Agile Development Methods for Web Projects

AGILE Development Methods for Web Projects

 
There are many agile development methods; most minimize risk by developing software in multiple repetitions (or 'iterations') of short time frames (known as 'timeboxes'). Software developed during one unit of time is referred to as an iteration, which typically lasts from two to four weeks. Each iteration passes through a full software development cycle, including planning, requirements analysis, design, writing unit tests, then coding until the unit tests pass and a working product is finally demonstrated to stakeholders. Documentation is no different than software design and coding. It, too, is produced as required by stakeholders. An iteration may not add enough functionality to warrant releasing the product to market, but the goal is to have an available release (without bugs) at the end of each iteration. At the end of each iteration, stakeholders re-evaluate project priorities with a view to optimizing their return on investment.

Agile methods emphasize face-to-face communication over written documents. Most agile teams are located in a single open office to facilitate such communication. One agile management methodology, Scrum, advocates a team size of 5 to 9. Larger teams than 9 should be split into smaller teams to help make team communication and team collaboration easier

Team composition in an agile project is usually cross-functional and self-organizing without consideration for any existing corporate hierarchy or the corporate roles of team members. No matter what development disciplines are required, at a minimum, every agile team will contain a customer representative. This person is appointed by stakeholders to act on their behalf and makes a personal commitment to being available for developers to answer mid-iteration problem-domain questions. This availability is critical to agile project success.

Part of the Scrum methodology is routine and formal daily face-to-face communication between team members. This specifically includes the customer representative and any interested stakeholders as observers. Known as a daily scrum, team members report to each other what they did yesterday, what they intend to do today, and what their roadblocks are. This formalized face-to-face communication prevents problems being hidden, provided that someone with corporate influence is always listening. For the Scrum methodology, this is the Scrum Master.
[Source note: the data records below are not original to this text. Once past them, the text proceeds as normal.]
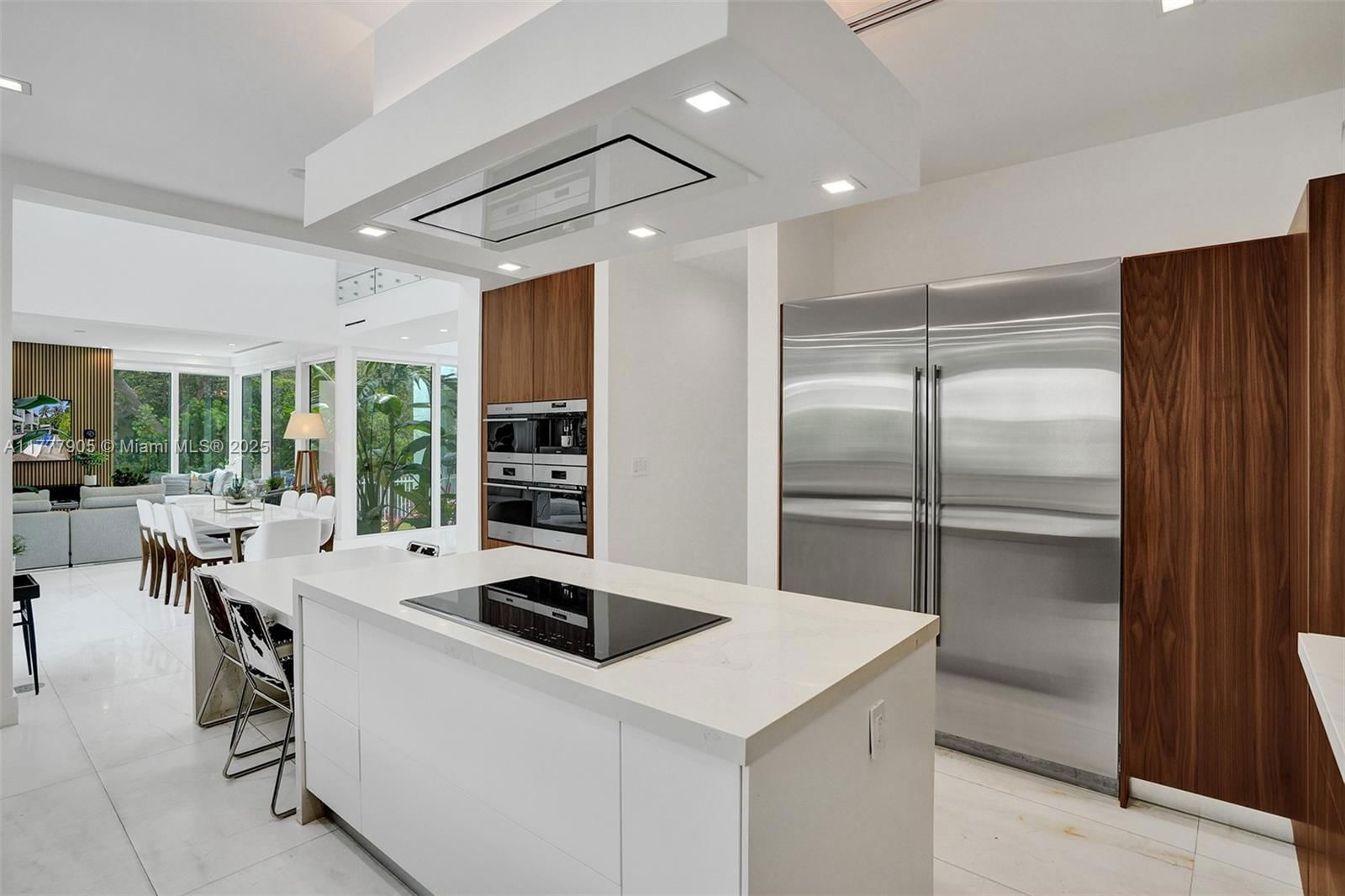 Real estate property located at 201 Buttonwood Dr, Miami-dade, Tropical Isle Homes Sub 4, Key Biscayne, FL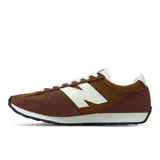 Championes urbanos New Balance modelo 471, color marrón con detalles en blanco. Confeccionados con una combinación de ante, cuero y malla transpirable, presentan un diseño inspirado en el running de los años 70 con entresuela de perfil bajo y suela de goma con patrón de espiga.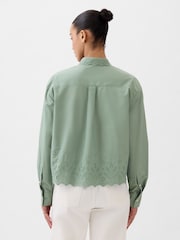Gap Green Scalloped Hem Eyelet Cropped Shirt - Image 2 of 4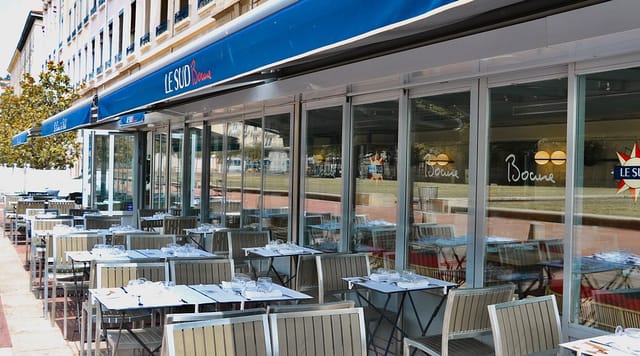 Outdoor seating at Brasserie Le Sud, perfect for meetings and networking events.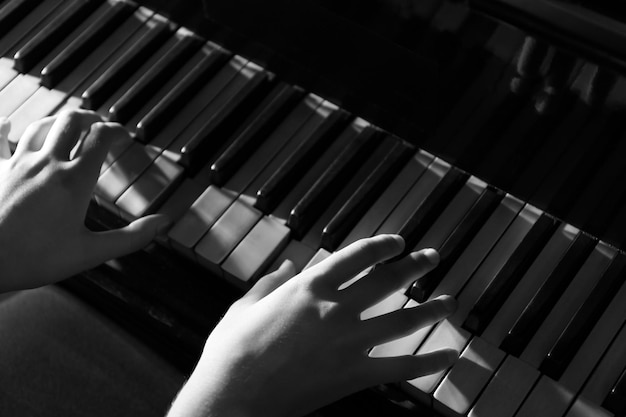 Menina tocando piano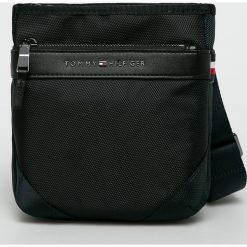 Tommy Hilfiger - Saszetka. Czarne torby męskie skórzane TOMMY HILFIGER, w paski, z poliesteru, casualowe, na ramię, małe. W wyprzedaży za 239,90 zł.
Otherwise it is the agile project manager.

Agile methods emphasize working software as the primary measure of progress. Combined with the preference for face-to-face communication, agile methods usually produce less written documentation than other methods. In an agile project, documentation, Gantt charts and other project artifacts all rank equally with working product. However, when stakeholders are asked to prioritize deliverables for demonstration at the end of the current iteration, they generally prefer to see working product. Stakeholders are encouraged to prioritize iteration outcomes based exclusively on business value perceived at the beginning of the iteration. If documentation represents higher business value than working software in any particular iteration then stakeholders give it a higher priority than working software. The (cross-functional) development team will accordingly produce that documentation instead of lower priority software.

Agile means being able to quickly change direction. In software development, it requires strong discipline to code for agility. It includes writing tests for functionality before coding. It calls for naming of functionality to exactly match the intent and the terminology of the problem domain. It demands cessation of coding when the tests pass. The sum total of all the disciplines delivers an ability to change direction quickly. New and unexpected functionality required to cope with a sudden change in the business landscape can be inserted in existing code using test-driven development and all the previous tests will pass or fail to instantly indicate where code needs to be refactored to stay functional. If functionality is added before it is required then it becomes "dead weight" when refactoring is called for.